My response to Mann’s film came from a lifelong love for images realized on emulsion-based film stock. Mann said he didn’t want the distancing, nostalgic look conveyed by conventional emulsion. “The viewer should have a sense of 1933 happening in a visual ‘now’ style … one conveying a ‘hyper-reality,’” he said at the time. Public Enemies’ cinematographer Dante Spinotti is now credited as a major pioneer in the past decade’s transition of high-definition digital video to movie screens.
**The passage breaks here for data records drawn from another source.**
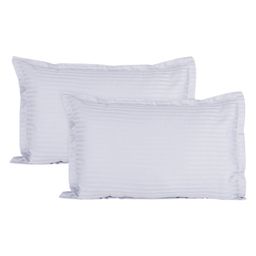 Trance Home Linen 200 TC Cotton Satin Stripe Pillow Covers - White-image-37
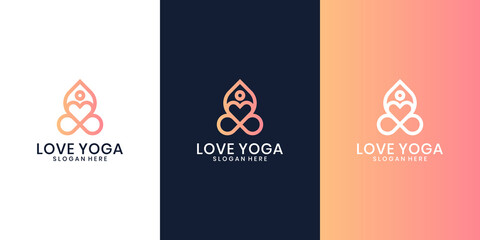 luxury love yoga Logo Template Design.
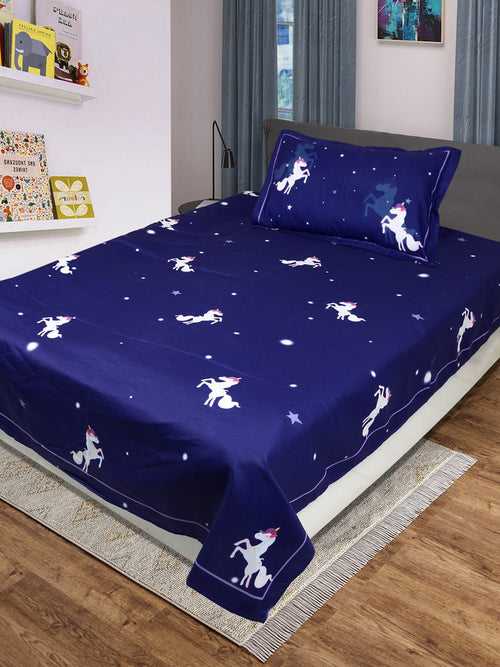 Unicorn Micro Single Size Bedcover with 1 Pillow Cover (Gift)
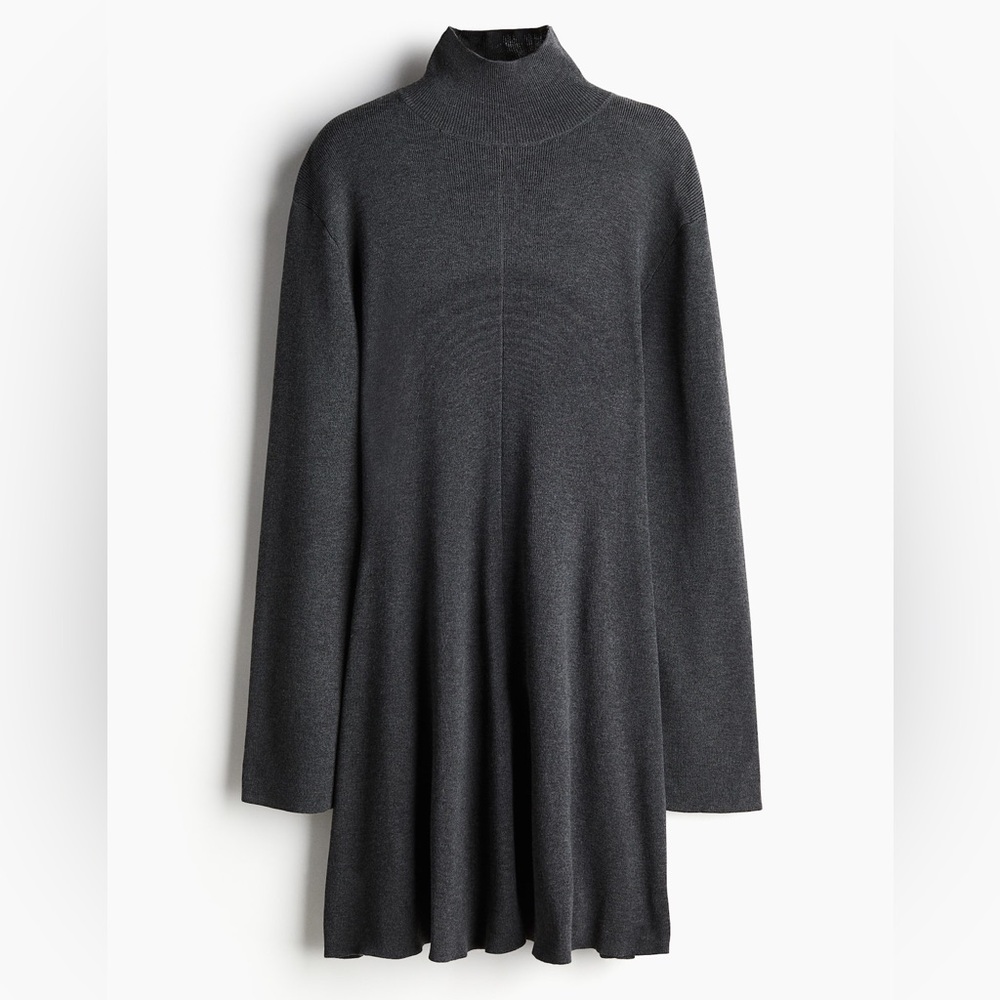 NWT H&M Fine-Knit Mock Turtleneck Fit & Flare Dress - Dark Grey Women’s XXL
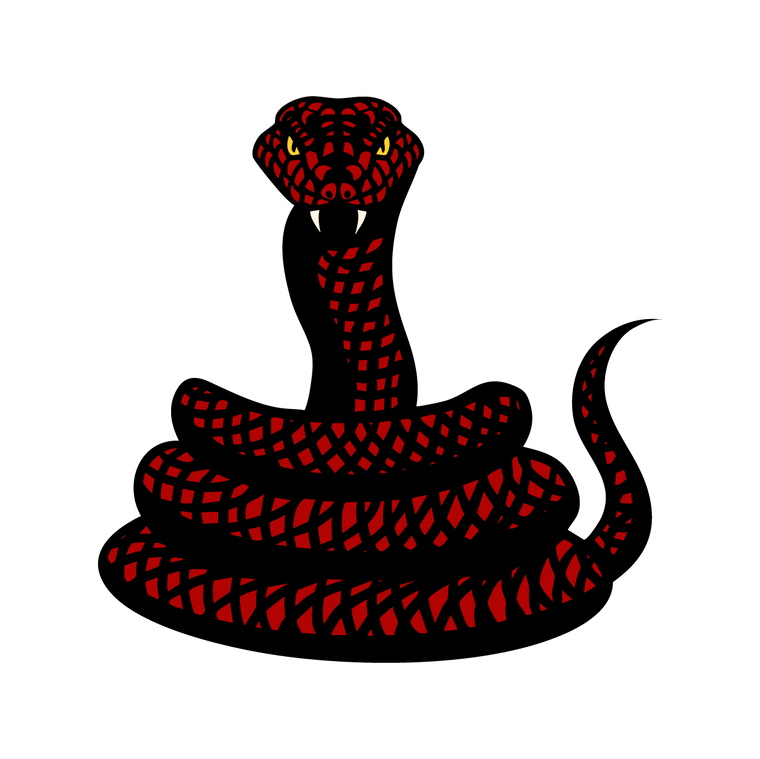 Red and black snake illustration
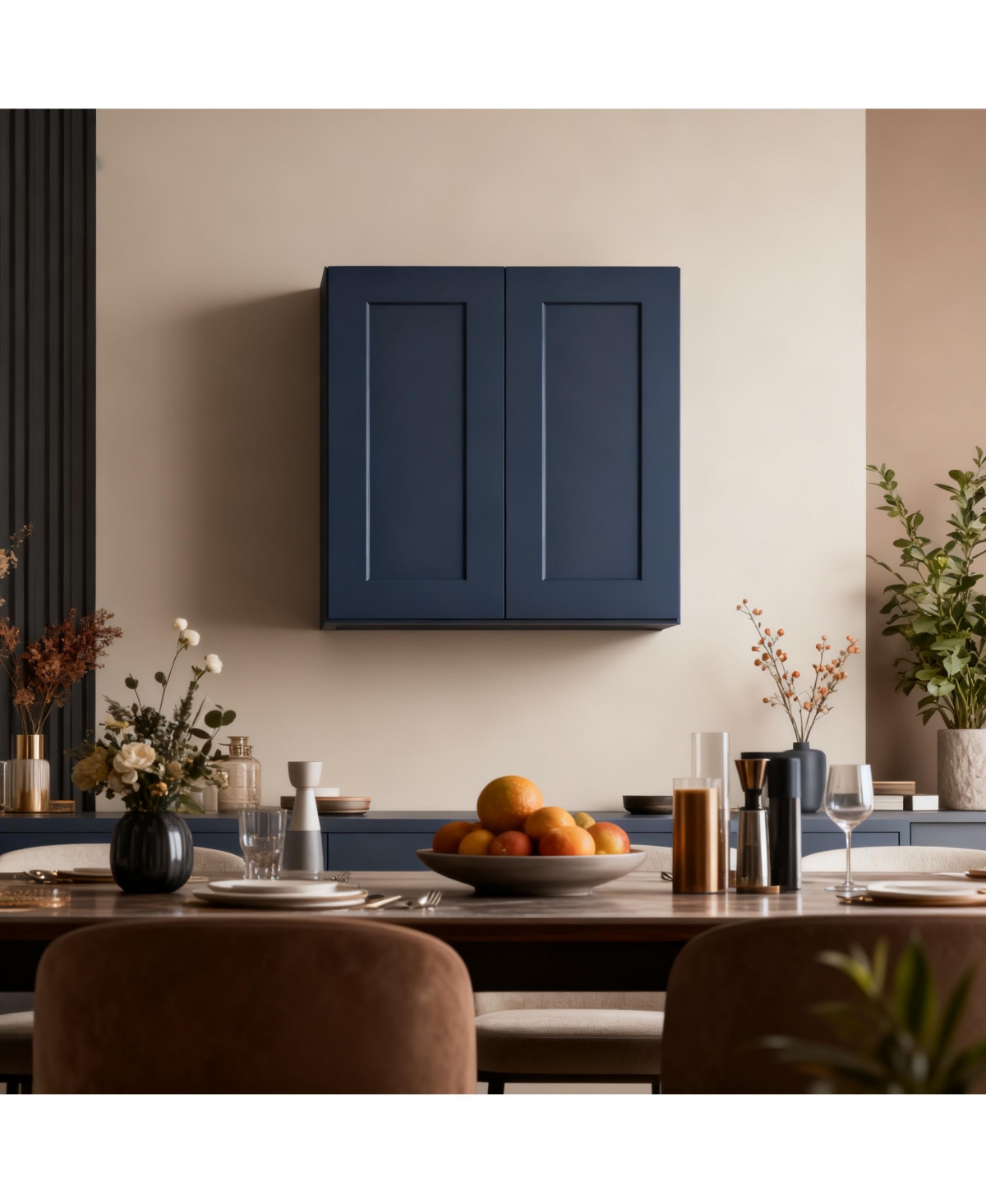 Boyel Living Solid Wood Shaker Wall Cabinet Soft Close Hinges Double Door Adjustable Shelves for Kitchen Bath Laundry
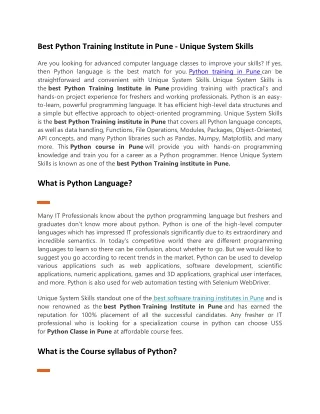 Best Python Training Institute in Pune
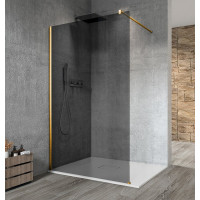 VARIO GOLD MATT jednodílná sprchová zástěna k instalaci ke stěně, kouřové sklo, 1100 mm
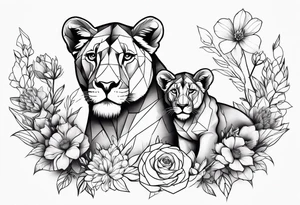 Birth flower tattoo with lioness and cubs tattoo idea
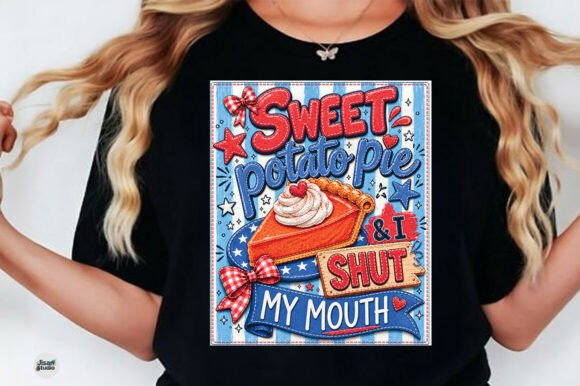 Sweet Potato Pie USA Patriotic PNG for Creative Projects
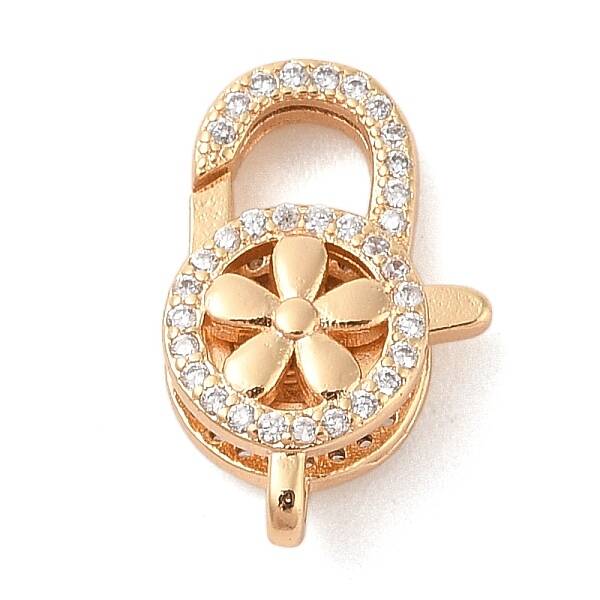 Brass Micro Pave Clear Cubic Zirconia Lobster Claw Clasps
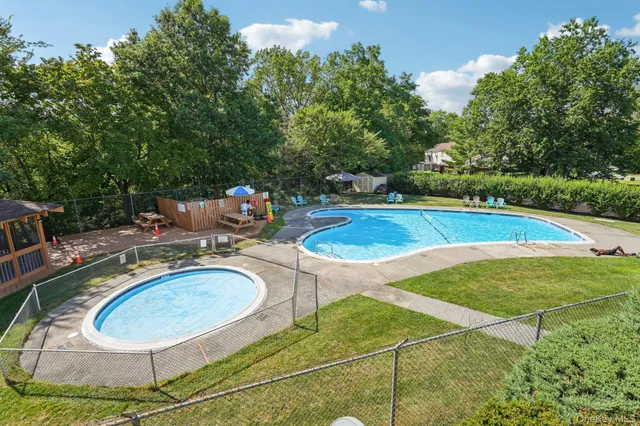 a view of a swimming pool with a patio and plants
These are just a few features that turned high-definition digital video into a dominant force in worldwide moviemaking in the past 10 years. Since 2016, filmmakers shot more than 90 percent of major films on digital video. Filmmaker Magazine reported only 24 feature films were shot on film stock in 2018. Among the die-hard directors who’ve stuck with 35- and 70mm film are Martin Scorsese (The Wolf of Wall Street, Paramount Pictures, 2013) Luca Guadagnino. (Call Me By Your Name, Sony Pictures Classics, 2017), Christopher Nolan (Dunkirk, Warner Bros. 2017), and Spike Lee (BlacKkKlansman, Focus Features, 2018).It’s visually compelling, less costly than film stock, and logistically easier for location scrutiny of footage. Following on the heels of this cinematic transition came the phenomenon of LED lighting (light-emitting diode). The LED diode technique can generate and display visual information when voltage is applied to the device. Now widely used in film production LED-created background imagery can be digitally integrated into location and on-set retrieved footage. The interview scene in The Hunger Games: Catching Fire (Lionsgate, 2013), was captured in on-set action, but backgrounded by LED abstract imagery.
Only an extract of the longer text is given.